The first commercialised biological computer, the CL1, enables researchers to streamline and enhance drug discovery and testing, improve personalised medicine and aid early disease detection. It is capable of growing, adapting, and learning at a faster rate than purely silicon-based AI. It also requires far less energy consumption. Cortical said the CL1 will have significant ramifications for the technology industry, offering greater automation, reduced energy consumption, and advancements.
The company said units and racks of the CL1 - launched at Mobile World Congress (MWC) in Barcelona - will be manufactured to order and ready to ship to customers before the end of the second quarter of 2025. It also offers Wetware-as-a-Service (WaaS), allowing customers to remotely access and work with cultivated cells via the cloud to build applications.
“Today is the culmination of a vision that has powered Cortical Labs for almost six years. We’ve enjoyed a series of critical breakthroughs in recent years, most notably our research in the journal Neuron, through which cultures were embedded in a simulated game-world, and were provided with electrophysiological stimulation and recording to mimic the arcade game 'Pong'. However, our long-term mission has been to democratise this technology, making it accessible to researchers without specialised hardware and software. The CL1 is the realisation of that mission. While today’s announcement is incredibly exciting, it’s the foundation for the next stage of innovation. The real impact and the real implications will come from every researcher, academic or innovator that builds on top of it,” said Dr Hon Weng Chong, the founder and CEO of Cortical Labs.
“Already, we’ve seen incredibly strong interest from researchers, universities and academics from the US, Europe, Singapore, Japan, and Australia. However, there’s only a finite amount of these elite institutions, and so to truly fulfil the technology’s potential, and our mission to democratise it, we’re offering Wetware-as-a-Service. This platform will enable the millions of researchers, innovators and big-thinkers around the world to turn the CL1’s potential into tangible, real-word impact. We’ll provide the platform and support for them to invest in R&D and drive new breakthroughs and research.”
In 2022, the first cohort of Cortical Labs’ neurons learnt to play Pong. When embedded in a simulated game environment and given the right stimulus, rewards, and feedback, the cultures exhibit rapid learning and goal-directed behaviour, demonstrating synthetic biological intelligence.
Their physical growth is across a silicon chip, which has a set of pins that send electrical impulses into the neural structure and receive impulses back in return. This creates the highest bandwidth connection between an organic neural network and a digital world. At the core of this system is Cortical Labs’ Biological Intelligence Operating System (biOS), which constructs their reality – sending information via electrical signals and converting the neuron's activity into actions inside that reality.

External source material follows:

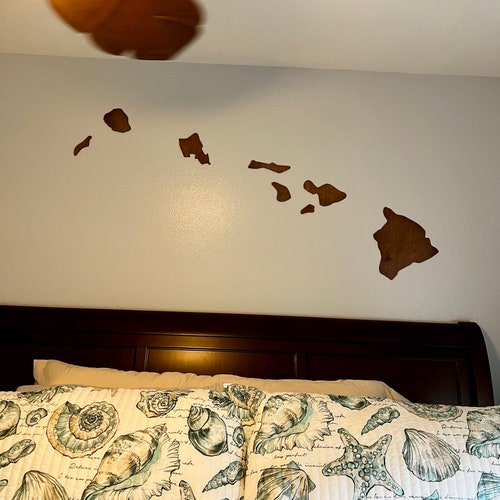 Wooden Hawaiian Island Wall Art Hawaiian Island Wall Decor Etsy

MWC will play host to a rack of CL1 computers - some containing live cells - during which Cortical Labs and researchers from the University of Barcelona will showcase the world’s first demonstration of live neurons outside of a laboratory setting. Dr Sandra Acosta, Assistant Professor, Tenure-track, Serra-Hunter Fellow at the University of Barcelona, leads the research.
“The CL1 is an incredible tool to grow our neurons in a fully controlled environment, allowing us to monitor and modify their electrophysiological features. This is definitely an inflexion point for long-term experiments that avoid the risky and disrupting movements out of the incubator or MEA devices to perform the required read-outs,” said Dr Acosta.